No one in their right mind would recommend that you cash out your 401k before age 65. You’d incur many penalties and fees, and you’d miss out on the huge advantages of tax free investment growth.
I wouldn’t recommend it for anyone either. However, last Summer that’s exactly what we did.
We used the proceeds to invest in real estate. Why would we do such a reckless thing?
We understood the implications
We understood the rules around liquidating a 401k. I used to be a financial planner, so I understood the penalties and process for pulling money out of a 401k.
Early distributions are taxed at your ordinary income rate. There is also an additional 10% penalty on early distributions.
I knew our annual income would be much lower this year. My wife had left her job at the end of 2016. We were about a third of the way through 2017 with no trading gains for the year.
In the previous six years, It was very rare for me to have a losing month. I’d never had two losing months in a row. I knew I was on the way out.
I anticipated our overall income would be pretty low for this year.
I was right. Our tax rate in 2017 will be the lowest in years. So the tax rate on this 401k distribution will be minimized.
The IRS will send me a scary letter telling us we owe them money.
I’m not afraid of the IRS. I respect them, but I’m not afraid anymore.
I’ve received letters from the IRS over the years, auditing specific parts of my return. These letters usually assert that I owe them money.
Often times, they just need clarification. Referencing a specific part of the tax code will satisfy their questions.
This is another thing I wouldn’t recommend for others. You should hire a professional.
We saw an opportunity
Our goal in trading was to make it a business. This was hard and getting harder. No one “needs” stocks.
Real estate has characteristics that make it more businesslike. Everyone needs a roof over their head. Real estate investing is clearly a business with huge customer demand.
Real estate has a lot of tax advantages. Real estate investors can write off hundreds of business expenses. They can also write off interest, and hypothetical depreciation on buildings. Many successful investors pay little to no income taxes.
A lot of our penalty was paid out of “matching contributions”
The matching contributions we had received over the years felt like “free” money. It more than covered the 10% penalty we were forced to pay.
We needed to make a change anyways. Since my wife had left her job, she could no longer contribute to the 401k. We needed to make some type of move with the money. Instead of a roll-over, we cashed it out.
We look at things differently
“A bird in the fist is worth two in the bush.” That’s how I sum up the time value of money.
Cash in hand today, has a different value than cash at a future date. The difference is calculated based on your rate of return. The higher returns you can generate, the more valuable cash is right now.
For the last 6 years I’ve made returns between 100% and 200% on capital.
My career has been focused on making far above normal returns. For me, the opportunity cost of leaving money in a 401k making 10% per year was larger than for most.
There’s nothing wrong with making 10%. That’s actually a great return if you’re a “hands-off” investor.

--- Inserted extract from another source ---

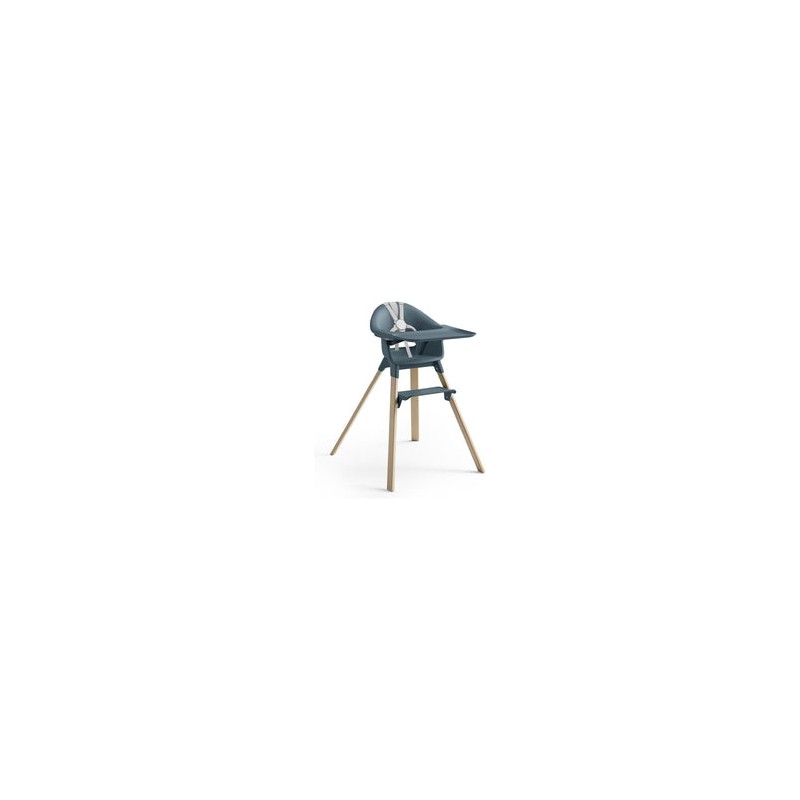 Highchair Stokke CLIKK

Generating high returns enabled me to live off trading income for 6 years. I didn’t get rich, but It was a good lifestyle. I’ve been blessed to spend an abundance of time with my young children. For my families sake, I wanted to it to continue.
We saw real estate investing as a viable opportunity to pursue that.

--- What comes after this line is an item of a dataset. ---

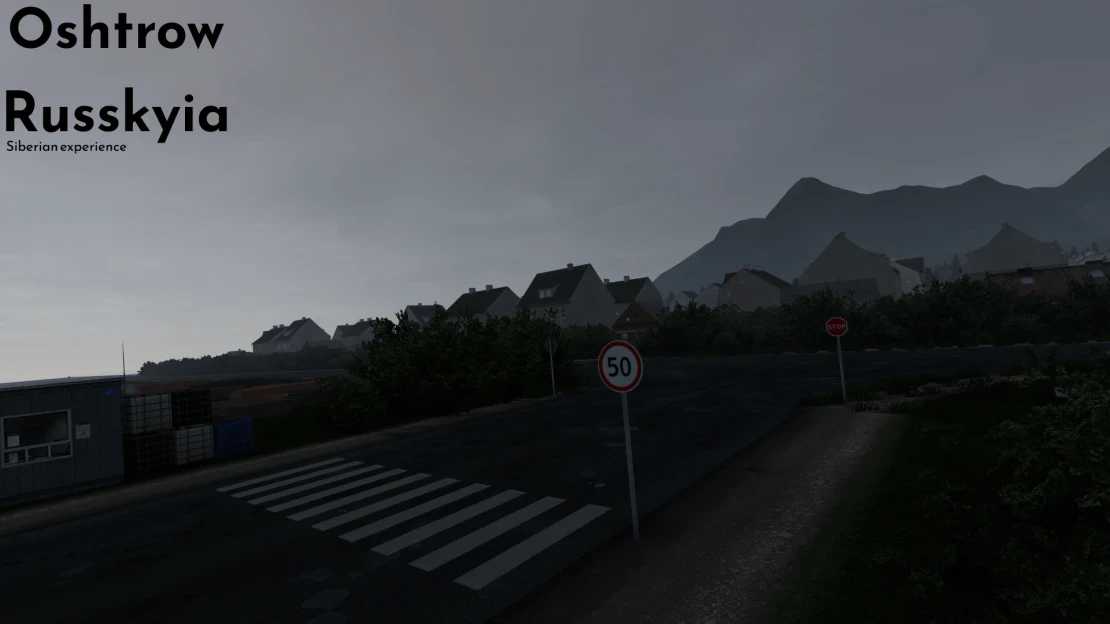 russian-isles-v1.0-ets2-1.jpg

Here’s the thing that really turns the normal personal finance advice on its head.
I don’t ever plan on retiring.
This is probably the biggest reason we liquidated our 401k. I don’t have any desire to quit working at 65. As long as I stay involved in entrepreneurship and investing, I don’t think I ever will. Most people don’t feel that way about their profession.
None of this is financial advice. Don’t do what we did. I just wanted to offer an alternative perspective on a common financial question.